Law firms use collaboration to shape future
The pandemic has triggered a collaborative learning boom, with law firms looking to future-proof their organisations by embracing strategies designed to drive differentiation and deliver high performance.
According to findings from non-profit legal network LawNet, SME law firms have used the pandemic to build online relationships and learn new skills, in readiness for maximising opportunities in 2022.
In a display of fast-moving adaptability for the sector, firms now rank online collaboration as highly as they previously scored real-life opportunities for learning, networking and accessing insight and expertise, when compared with the network’s pre-pandemic research.
“There’s been a significant and transformative shift. The circumstances enforced by the pandemic meant firms had to move their communication and interactions online, but we have seen firms truly embracing the digital opportunity, rather than treating it as a fall-back,” explained LawNet’s member engagement and strategy director Helen Hamilton-Shaw.
“As well as feedback from the regular research we undertake with firms to assess how they value our range of benefits and support, we can see similar trends in the data from our virtual collaboration forum and our development programme.”

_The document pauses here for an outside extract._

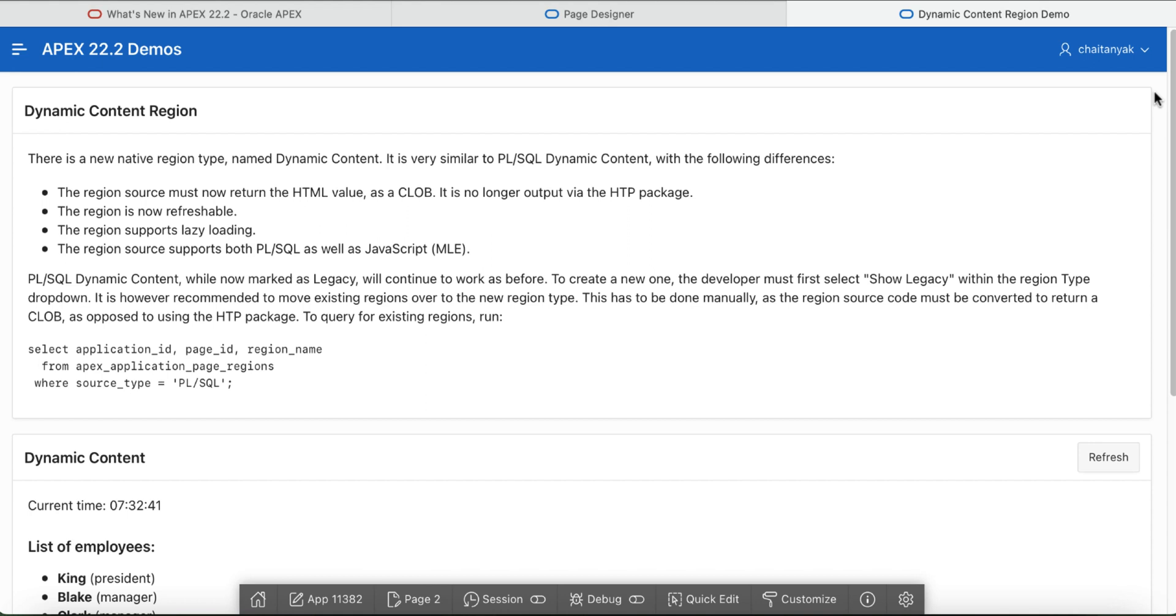So the new dynamic content region introduced in Apex 22.2 is refreshable. It supports lazy loading. The content is not generated via the HTTP package. The region source can be written in PLSQL or if you are using database 21c and above you can use JavaScript MLE.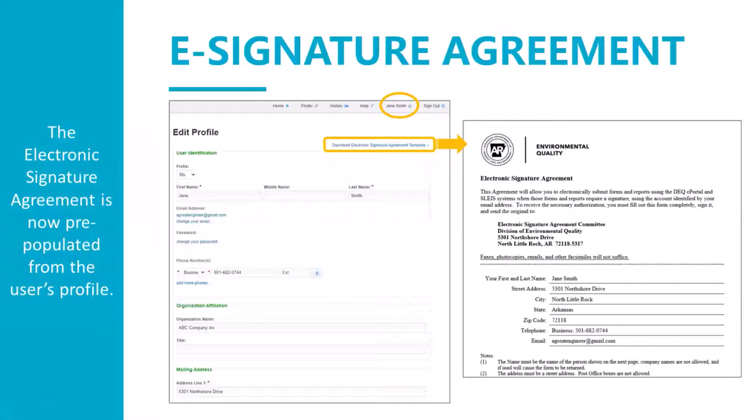You can then review the downloaded form. Make sure you have not entered a PO box as the address. Print, sign, and date the form, then mail us the original wet ink signed form to the address on the form. This pre-filled form will reduce the amount of errors, such as users not having registered in the system or not entering the same information in the agreement that was used in the ePortal account.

The network moved its entire professional and personal skills development programme online at the start of the pandemic in 2020, recording a doubling in take-up for the wholly digital offering, which includes on-demand recordings of all sessions.
The virtual collaboration forum was set up at the start of the pandemic as an alternative to in-person networking groups centred on leadership, people, clients and operations. The 70+ firms taking part were able to drive the agenda for each strand by up-voting topics that would bring in experts to deconstruct subject matter and stimulate debate between firms. “We saw a real hunger for sharing and learning from the outset, and for significant, heavyweight topics to be tackled,” added Hamilton-Shaw.
With each forum over-subscribed, the events were recorded and translated into digital action plans with supporting guidance and further reading. Now, the network has brought these together with other key learning from the last year to publish LawNet Insights : Setting a course to the future
“The cost of the Covid-19 pandemic is impossible to calculate, in terms of both the human tragedy and the economic impact which will last through generations, but the crisis has been a force for some unexpected positive outcomes in the legal sector,” said Chris Marston, chief executive of LawNet.
“It’s our job to keep law firms abreast of leading-edge thinking, but it was hard to anticipate how they would respond to the pandemic. It’s been humbling to observe member firms demonstrate that they can be agile and adaptive, empathetic with both staff and clients, while implementing accelerated change programmes.”
LawNet’s research assessed the value of different benefits for firms across four turnover bands ranging from under £3m to over £10m. While all firms reported value in online collaboration, those in the range of £3-6m turnover reported the highest value from sharing with each other and learning together.
As well as structured networking and learning opportunities, all firms reported prioritising opportunities for critical friend and personal mentoring relationships with non-competing peers.
When asked to value other benefits of collaboration, firms rated group purchasing of specialist, high-ticket items such as professional indemnity insurance, and externally-managed quality and compliance systems, as most valuable.